State below in reasonable detail the reasons why the subject Form 10-Q could not
be filed within the prescribed time period.

         On August 9, 2002, Coeur d'Alene Mines Corporation (the "Company")
received a letter of comments from the Staff of the Securities and Exchange
Commission relating to the amendments to the Company's Registration Statement on
Form S-3 relating to the proposed public resale of the Company's recently issued
Series II 13.375% Convertible Senior Subordinated Notes and Annual Report on
Form 10-K and Quarterly Report of Form 10-Q incorporated by reference therein
that had been filed with the Commission on July 26, 2002. Certain of those
comments affect the preparation of the Company's Quarterly Report on Form 10-Q
for the quarter ended June 30, 2002. The Company's decision to delay its filing
of that Form 10-Q reflects its desire to have sufficient time to do the work
that is required to assure that such filing complies with the relevant comments
in the comment letter. The Company discussed those comments with the SEC Staff
on August 14, 2002, and is confident it can conform the Form 10-Q disclosures to
such comments without affecting its results of operations as reported in its
press release dated August 7, 2002.

--------------------------------------------------------------------------------
         In addition to the above matter, the Company's decision to delay its
filing of the Quarterly Report on Form 10-Q for the quarter ended June 30, 2002
also reflects the Company's recent retention of KPMG LLP as its independent
auditor on July 22, 2002.

--------------------------------------------------------------------------------

Part IV - Other Information

--------------------------------------------------------------------------------

       (1)    Name and telephone number of person to contact in regard to this
              notification:

      Arthur H. Bill                 202-295-4003
--------------------------------------------------------------------------------
        (Name)                       (Area Code)      (Telephone Number)

         (2) Have all other periodic reports required under Section 13 or 15(d)
of the Securities Exchange Act of 1934 or Section 30 of the Investment Company
Act of 1940 during the preceding 12 months or for such shorter period that the
registrant was required to file such report(s) been filed?
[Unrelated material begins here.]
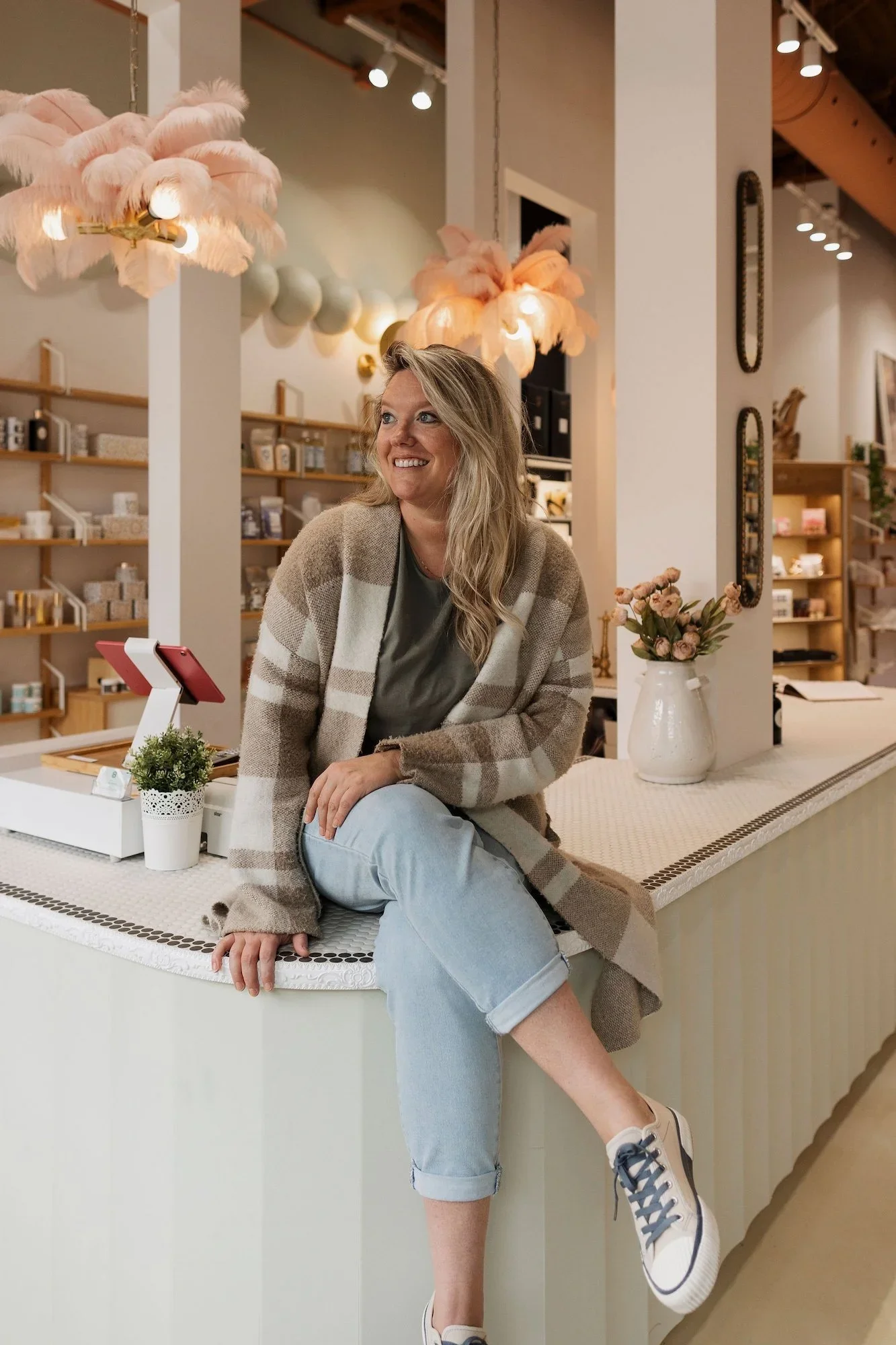 Sophie Roy, fondatrice et directrice créative de RÜBIK DESIGN, assise sur un comptoir de boutique sous des luminaires à plumes roses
If the answer is no,
identify report(s).

                            [x] Yes       [ ] No



                                       2



         (3) Is it anticipated that any significant change in results of
operations from the corresponding period for the last fiscal year will be
reflected by the earnings statements to be included in the subject report or
portion thereof?

                             [x] Yes      [ ] No


         If so: attach an explanation of the anticipated change, both
narratively and quantitatively, and, if appropriate, state the reasons why a
reasonable estimate of the results cannot be made.

         As the Company announced in its press release, dated August 7, 2002,
the Company expects that the amount of total revenues to be reported by it for
the quarter ended June 30, 2002 will be approximately $22.1 million, as compared
to $20.1 million for the quarter ended June 30, 2001. Furthermore, it expects to
report total costs and expenses for the quarter of approximately $33.0 million
compared to $23.7 million for the prior year's comparable quarter. Of that
amount of total costs and expenses, the Company expects to report a loss of
approximately $2.9 million in connection with the retirement of debt in the
quarter ended June 30, 2002, compared to a gain of $5.8 million in connection
with the retirement of debt for the quarter ended June 30, 2001. The Company
expects to report a net loss of $10.9 million for the quarter ended June 30,
2002, compared to a net loss of $3.6 million for the prior year's comparable
quarter.

                         Coeur d'Alene Mines Corporation
--------------------------------------------------------------------------------
                  (Name of Registrant as specified in charter)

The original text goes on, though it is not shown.